Berliner Landeswahlleiter Stephan Bröchler hat das Bundesverfassungsgericht gebeten, sein Urteil zur Wiederholung der Bundestagswahl 2021 zu einem Zeitpunkt zu sprechen, sodass diese nicht in die Adventszeit, in die Zeit um Weihnachten oder Neujahr fällt. Denn in der Zeit könne es zum Beispiel an Wahlhelfern mangeln, erklärte Bröchler am Dienstag in Karlsruhe. Die Vorsitzende Richterin Doris König antwortete, der Senat werde versuchen, das beim Grundsatz der Beschleunigung des Verfahrens zu berücksichtigen.

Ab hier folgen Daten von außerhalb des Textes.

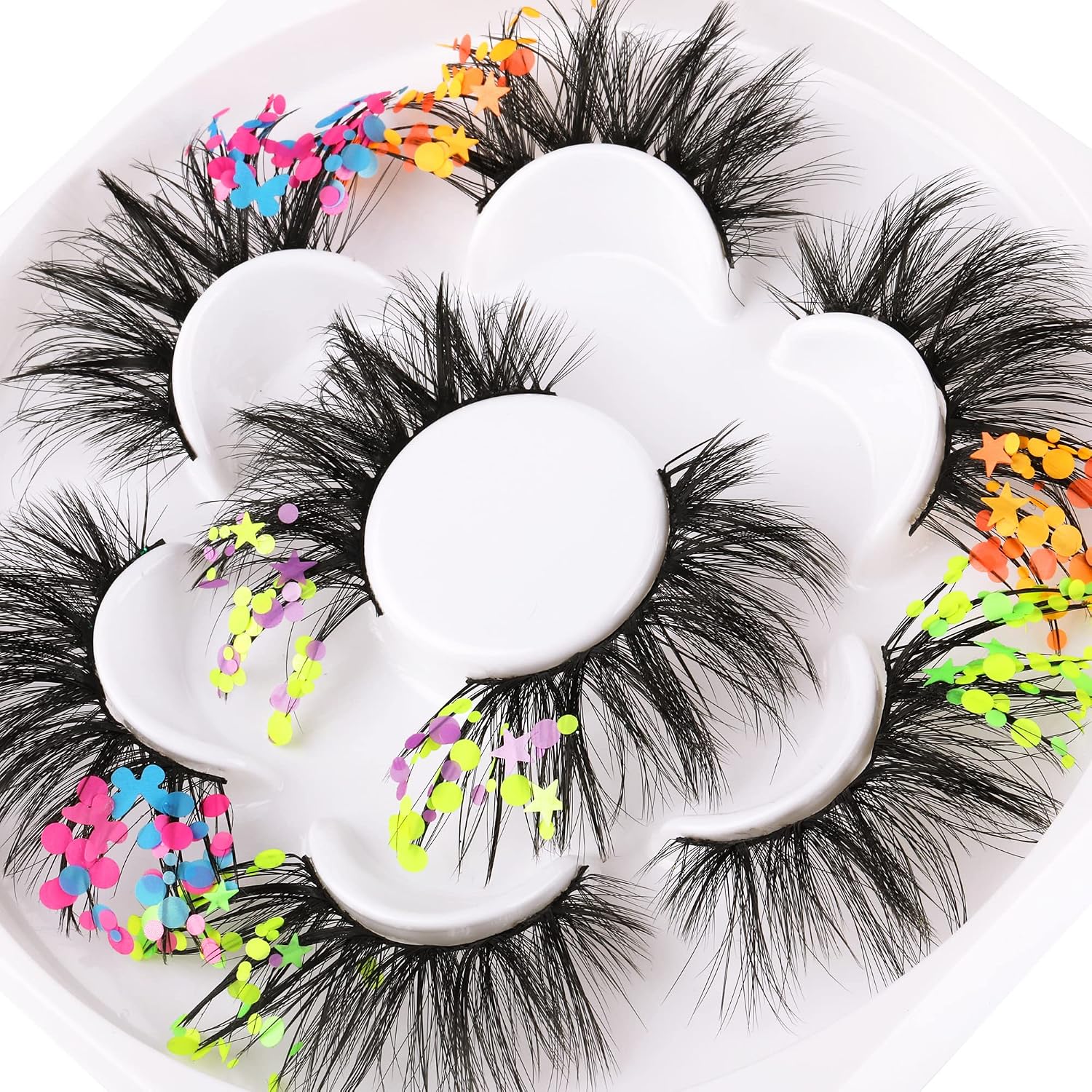 ALPHONSE Glitter Lashes 6D Fluffy Mink Colored Eyelashes Dramatic Handmade Decoration Eye Lashes Set for Halloween Cosplay Costumes Fake Eyelashes Pack 4 Pairs (4 Colors Mixed)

Der Termin ist genau wie der Umfang der Wiederholungswahl noch nicht klar. Mit einem Urteil des Bundesverfassungsgerichts wird im Herbst gerechnet. Berlin hat dann 60 Tage Zeit, die Wahlwiederholung durchzuführen. Sollte die Abstimmung tatsächlich vollständig wiederholt werden müssen, wäre dies ein sehr knapper Zeitraum für die Vorbereitung, heißt es aus Kreisen der Verwaltung. Schon jetzt bereiten sich daher erste Bezirke darauf vor. So sucht etwa der Bezirk Steglitz-Zehlendorf bereits Mitarbeiter, die bei der Durchführung der Briefwahl im Bezirk helfen.

Was passiert am Dienstag und Mittwoch vor dem Bundesverfassungsgericht?
Die Richterinnen und Richter am Zweiten Senat machten am Dienstag mit ihren Fragen deutlich, dass sie die Aufklärung der Pannen bei der Wahl in Berlin im September 2021 durch den Bundestag für unzureichend halten. 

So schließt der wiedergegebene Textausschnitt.